4.1. ASV Configuration and Control Parameters

This section outlines the simulation settings, including the configuration parameters of the ASV and the assumed environmental disturbance conditions. The physical and hydrodynamic parameters of the controlled ASV illustrated in Figure 1 are systematically specified, with their numerical values summarized in

Table 2. Specifications of the controlled ASV.

Parameter Description	Value
Length	1.72 (m)
Width	0.4 (m)
Draft	0.3 (m)
Mass	41 (kg)
Moment Inertia	6.522 (kg·m)
Speed Limitation	5 (Knot)
Heading Angle Limitation	±30 (degree)
DOF	3

. These parameters reflect realistic characteristics of typical marine vessels and form the foundation for accurate modeling of the ASV’s dynamic behavior.

In addition to the ASV configuration, a set of predefined ocean disturbance parameters is introduced to emulate realistic operational conditions. These include external forces such as wave-induced forces, wind loads, and current effects, all of which are critical to assessing controller robustness in maritime environments [28]. The assumed values are selected based on common conditions encountered in littoral and offshore scenarios and are essential for validating the performance and disturbance rejection capability of the control strategies under investigation.

The defined simulation setup is employed to examine and compare the trajectory tracking effectiveness of both the FLC and the proposed RAFC. The validation is carried out under two representative trajectory scenarios—circular and square trajectories—designed to challenge the system with both continuous curvature and abrupt directional changes. These conditions enable a comprehensive evaluation of each controller’s ability to maintain accuracy and stability under practical constraints.

The control gain parameters associated with the proposed RAFC are carefully selected to ensure system stability and high tracking performance under such uncertain and dynamic environments. The specific parameter values used in the RAFC design are summarized below and remain consistent across all simulation scenarios to facilitate a fair and consistent comparison with the FLC method.
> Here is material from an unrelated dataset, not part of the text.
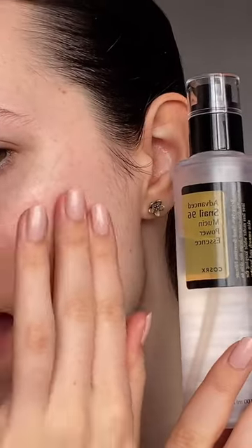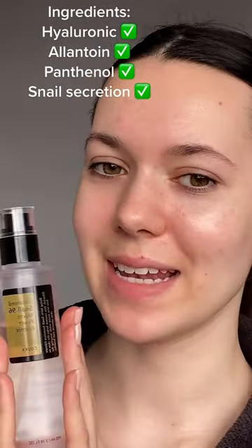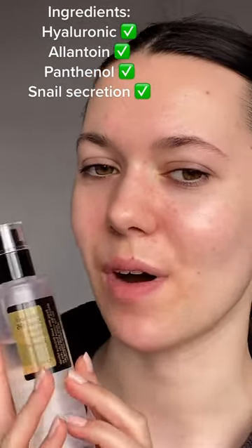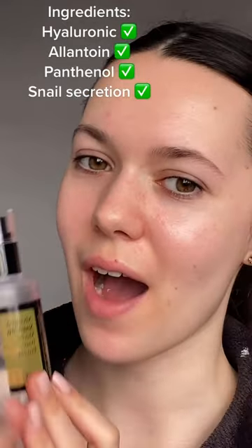It's from a brand called COSRX and it's the Snail 96 Mucin Power Essence. It has completely transformed my skin and I finally feel confident enough to leave the house without makeup on. If I was to recommend any product it would definitely be this one for acne scars, strengthening up your skin barrier, and also hydration.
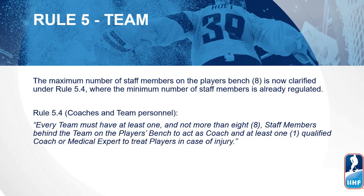Our first rule is Rule 5 — Team. The maximum number of staff members on the players bench, which is 8, is now clarified under Rule 5.4. This is where the minimum number of staff members was already regulated. Rule 5.4 now states: every team must have at least one and not more than eight staff members behind the team on the players bench to act as a coach, and at least one qualified coach or medical expert to treat players in case of injury.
$${\alpha }_1={\alpha }_3={\alpha }_5=3$$

(38)

$${\alpha }_2={\alpha }_4={\alpha }_6=1$$

(39)

$$K_1=\left[\begin{array}{ccc}3& 0& 0\\ 0& 3& 0\\ 0& 0& 3\end{array}\right]$$

(40)

$$K_2=\left[\begin{array}{ccc}1& 0& 0\\ 0& 1& 0\\ 0& 0& 1\end{array}\right]$$

(41)

4.2. Adaptive Fuzzy Logic Structure and Membership Function Design

In this study, Gaussian membership functions are adopted within the fuzzy logic system owing to their advantageous mathematical characteristics and suitability for managing nonlinearities and environmental disturbances in marine control applications. Their inherent smoothness and differentiability make Gaussian functions particularly well-suited for fuzzy inference mechanisms, as they facilitate seamless transitions and improve the precision of rule activation, which is critical in the design of an RAFC.

One of the key advantages of Gaussian membership functions is their global support, allowing them to provide consistent approximation performance across the entire input domain. This property enhances the system’s ability to maintain stable control responses under varying environmental conditions, such as wave, wind, and current disturbances. Furthermore, their smooth gradients contribute to reduced chattering and improved transient response, which are essential for achieving high-fidelity tracking and ensuring closed-loop stability in systems with uncertain dynamics.

By employing Gaussian membership functions, the RAFC system gains improved robustness and adaptability, enabling it to effectively approximate ocean perturbations that are prevalent in real-world ASV operations. The precise mathematical formulations of the membership functions used in this study are presented in Equation (42) through (48) [30].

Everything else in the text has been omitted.